### Activity
Determine how many lines in the records hold the word "DDoS". Return the number alone.

Short descriptive text snippets
<<<<
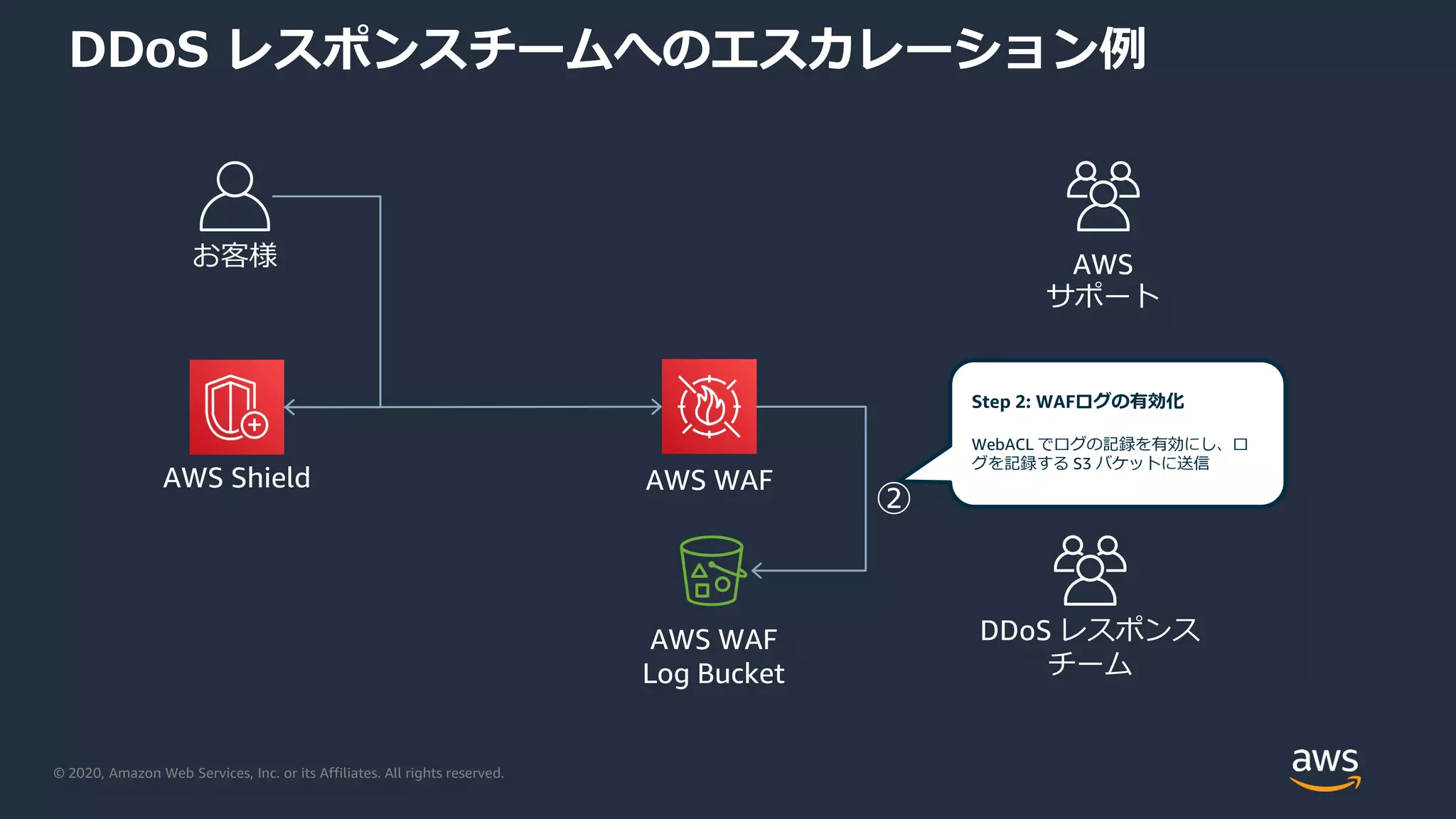 © 2020, Amazon Web Services, Inc. or its Affiliates. All rights reserved.
DDoS レスポンスチームへのエスカレーション例
お客様 AWS
サポート
DDoS レスポンス
チーム
AWS WAF
AWS WAF
Log Bucket
AWS Shield
Step 2: WAFログの有効化
WebACL でログの記録を有効にし、ロ
グを記録する S3 バケットに送信
②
>>>>
### Solution to this task
2